* **ABOUT THIS TASK**:
Apart from the images, output the data below exactly.
BEGIN SOURCE DATA
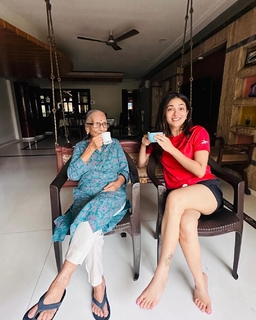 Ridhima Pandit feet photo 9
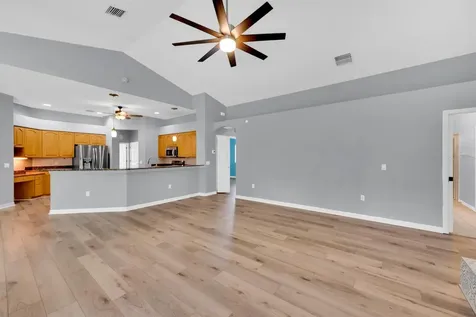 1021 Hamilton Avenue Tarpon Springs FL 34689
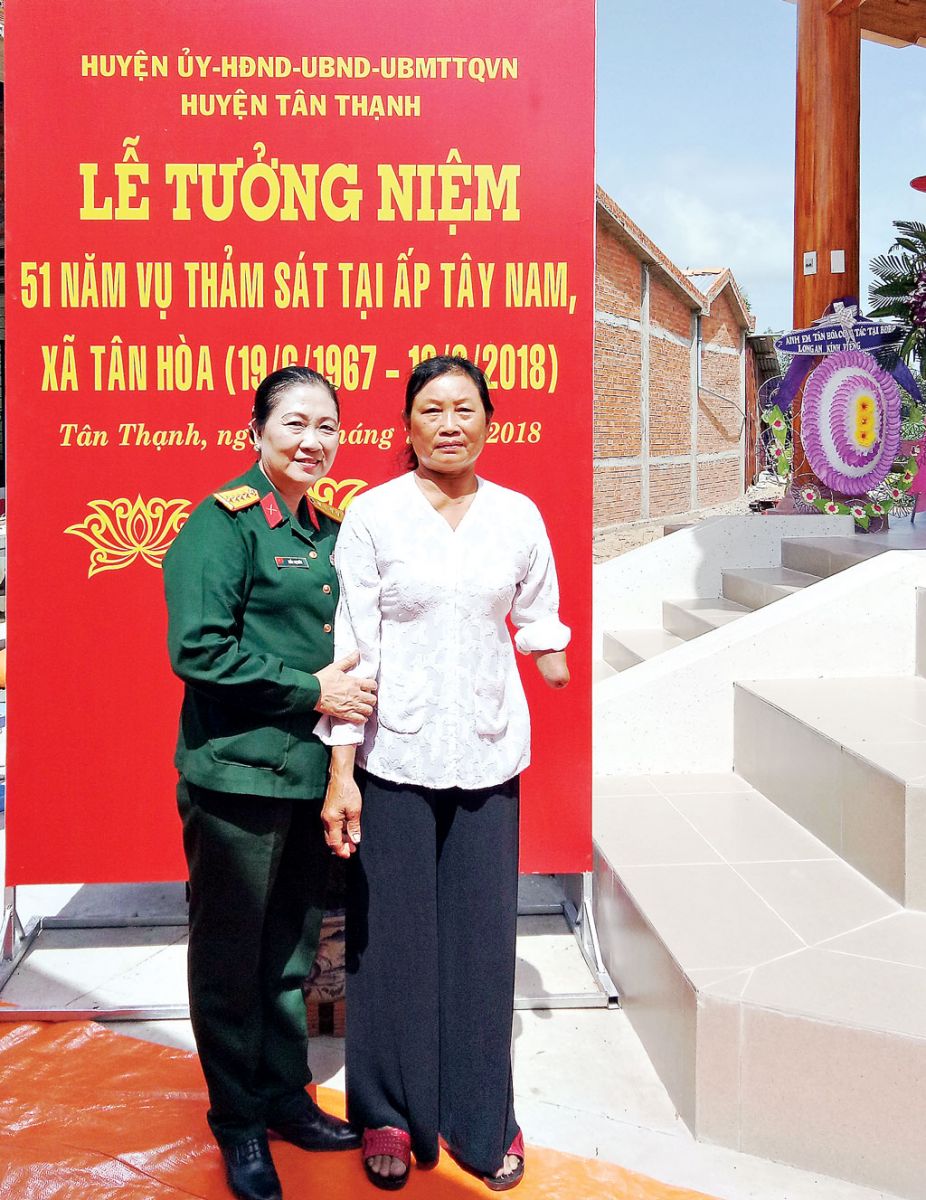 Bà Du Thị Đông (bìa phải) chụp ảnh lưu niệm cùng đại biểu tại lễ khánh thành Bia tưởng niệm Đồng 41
END SOURCE DATA
* **RESULT FOR THIS EXERCISE**:
 Ridhima Pandit feet photo 9
 1021 Hamilton Avenue Tarpon Springs FL 34689
 Bà Du Thị Đông (bìa phải) chụp ảnh lưu niệm cùng đại biểu tại lễ khánh thành Bia tưởng niệm Đồng 41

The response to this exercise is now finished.